Given a convex pentagon $ABCDE$, points $A_1, B_1, C_1, D_1, E_1$ are such that $$AA_1 \perp BE, BB_1 \perp AC, CC_1 \perp BD, DD_1 \perp CE, EE_1 \perp DA.$$In addition, $AE_1 = AB_1, BC_1 = BA_1, CB_1 = CD_1$ and $DC_1 = DE_1$. Prove that $ED_1 = EA_1$
Problem
Source: St Petersburg 2021 10.3
Tags: geometry, pentagon
cadaeibf
25.12.2021 00:49
Let $A'$ be the projection of $A$ on $EB$, and cyclically $B',C',D',E'$. Also let $A''$ be the intersection of $EE'$ and $BB'$ and cyclically $B'',...,E''$. Let $s_A=A'A_1^2$ (note that therefore it doesn't actually matter where $A_1$ is wrt $A'$), and cyclically $s_B,...,s_E$. Note that $s_B-s_E=(AB_1^2-AB'^2)-(AE_1^2-AE'^2)=AE'^2-AB'^2$. Similar relationships hold because of the equal distances (except for the relation $s_A-s_D=ED'^2-EA'^2$ which is equivalent to the thesis).

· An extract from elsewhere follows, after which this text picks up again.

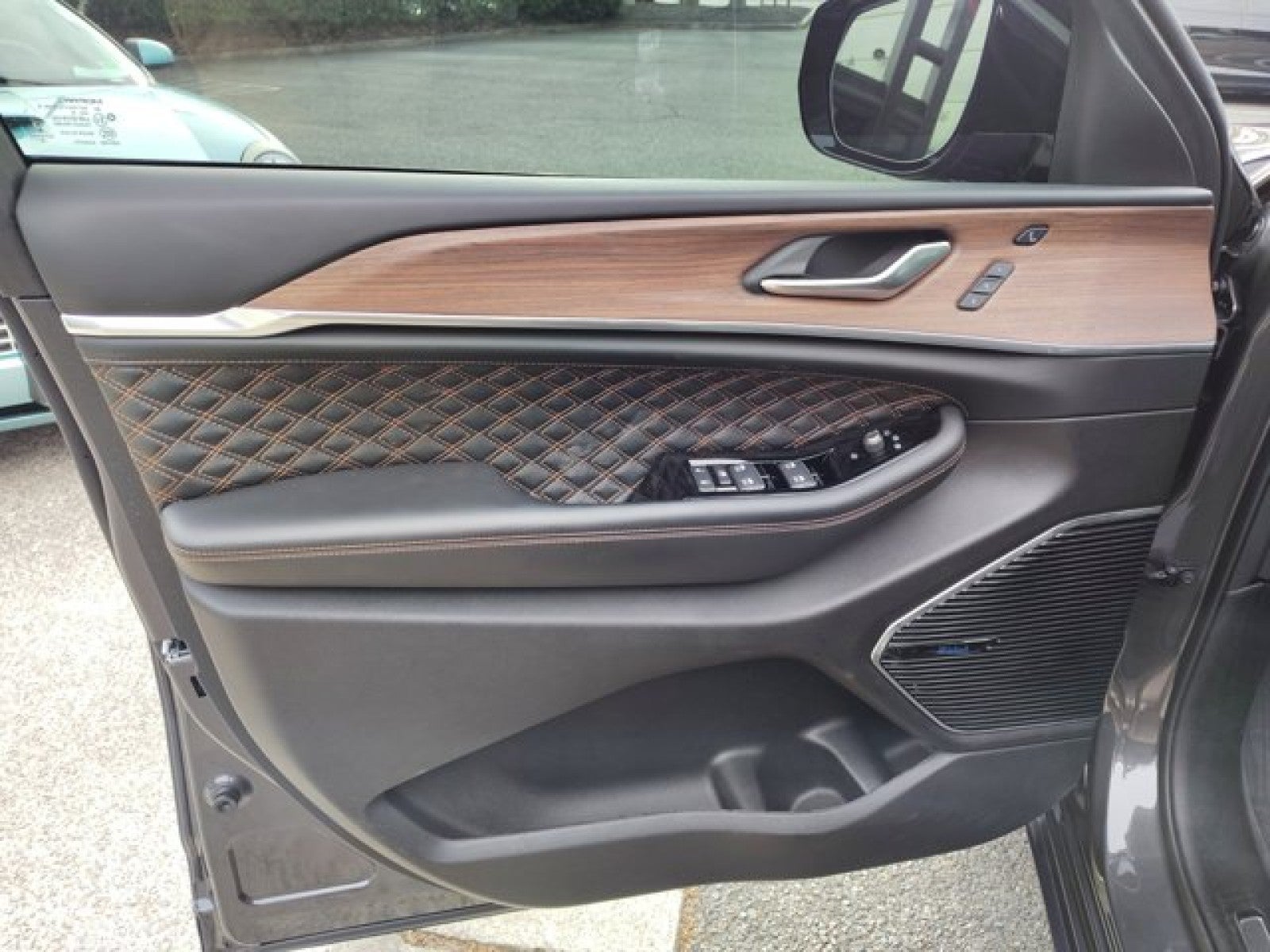 2022 Jeep Grand Cherokee Summit 4x4 | Luxury, Protech, $66k MSRP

Since $\sum_{cyc}s_B-s_E=0$ and $$\sum_{cyc}AE'^2-AB'^2=\sum_{cyc}AE'^2-AB'^2+\sum_{cyc}EE'^2-\sum_{cyc}BB'^2=\sum_{cyc}AE^2-AB^2=0$$it follows that we in fact have also the fifth relationship $s_A-s_D=ED'^2-EA'^2$, which then implies $EA_1^2-ED_1^2=(s_A+EA'^2)-(s_D+ED'^2)=(ED'^2-EA'^2)+(EA'^2-ED'^2)=0$
Note that in fact the same thing holds for all polygons.